Q9 Wordt de duur van de overblijf pauze 45 of 60 minuten? A9 Dat weten we nog niet. Dat zal bepaald worden als alle informatie binnen is en er een duidelijke richting zichtbaar wordt.
Q10 Kan de bso per uur betaald worden? A10Dat is niet mogelijk. De BSO moet zich aan GGD normen houden, zij geven aan dat er 1 pedagogisch medewerker op 10 kinderen moet zijn. Wanneer de BSO ‘ uurtje factuurtje’ laat afnemen draaien de BSO daar verlies op en kunnen zij geen rekening houden met de personele bezettingen van die middag.
Q11 Zijn er ook andere oplossingen mogelijk als ik maar zeer beperkte opvang nodig heb? A11 Misschien is er onderling met andere ouders iets te regelen of met vrienden/buren of een gastouder. Maar school is zeker ook bereid om creatieve oplossingen zoals inzet van brede schoolactiviteiten e.d. te faciliteren. Echter het initiatief hiervoor moet dan wel bij ouders gelegd worden, de school kan hier geen verantwoordelijkheid voor nemen.

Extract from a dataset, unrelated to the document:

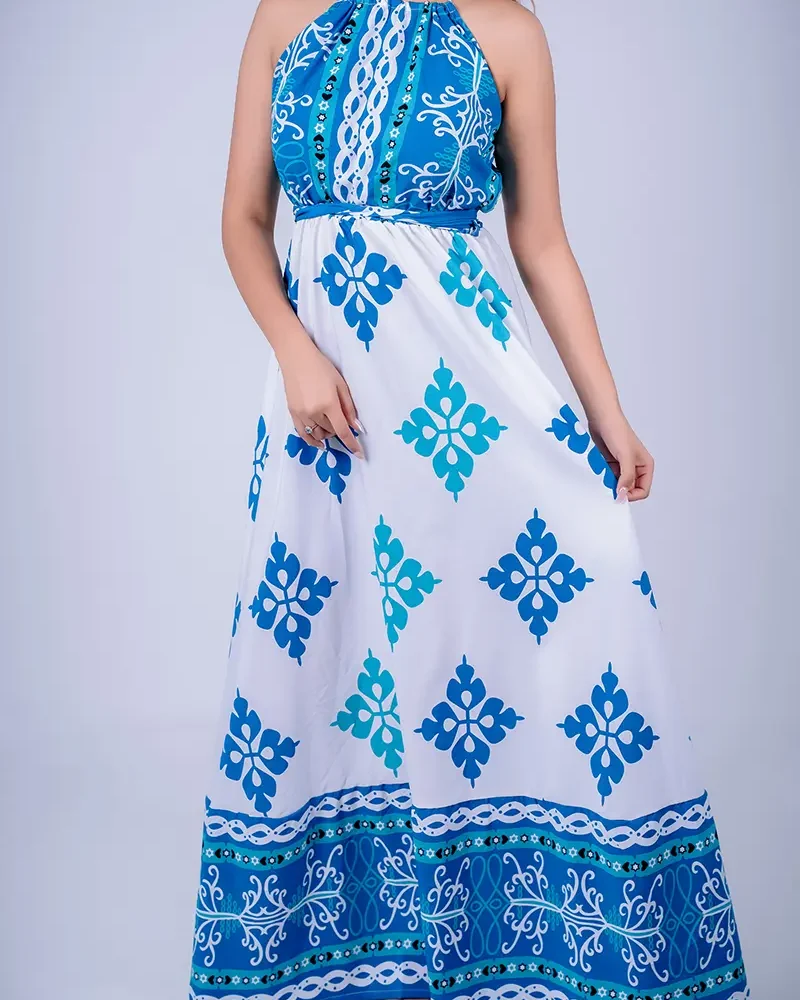 Halter-blue-flora-maxi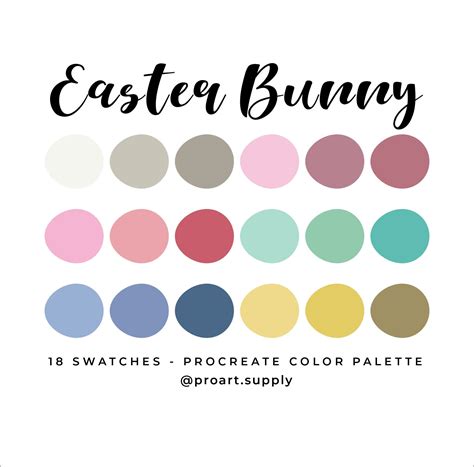 Easter Bunny Procreate Color Palette Hex Codes Gray Pink Green Blue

Q12 Kunnen we niet het huidige model hanteren met alleen een kortere pauze en het gelijktrekken van de woensdag? A12 Met een dergelijke optie, van alle dagen 8.45 tot 12.15 en van 13.00 tot 15.30 en woensdag tot 12.00, hebben de kinderen van de onderbouw ineens 2 uur meer les in een week en in de bovenbouw 1,5 uur meer in de week en kleuters 4,5 uur extra. Zoveel extra uren op school is niet in het belang van het
kind en geeft daarnaast ook praktische problemen, zoals de extra formatie die je hiervoor nodig hebt.